— EXERCISE DATA —

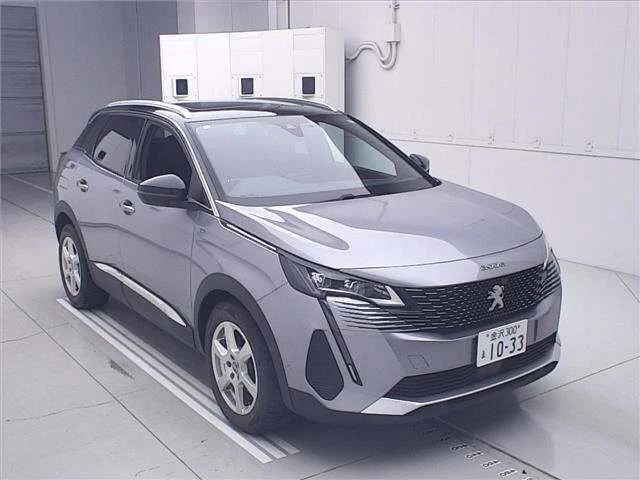 Peugeot 3008 P845G06 2024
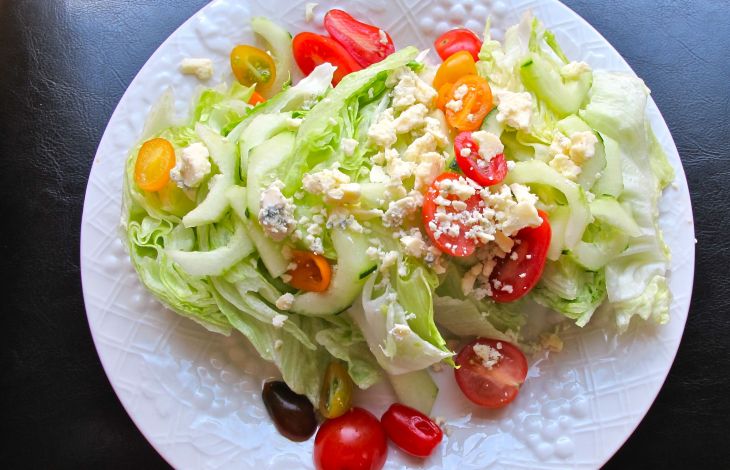 Salat machen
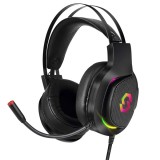 หูฟังเกมมิ่ง SGEAR Gaming Headset Pontus Wired RGB 3.5 MM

— INSTRUCTIONS FOR THE TASK —
Each line of the listing above belongs in the answer exactly as written; the pictures do not.

— RESPONSE BOX —
 Peugeot 3008 P845G06 2024
 Salat machen
 หูฟังเกมมิ่ง SGEAR Gaming Headset Pontus Wired RGB 3.5 MM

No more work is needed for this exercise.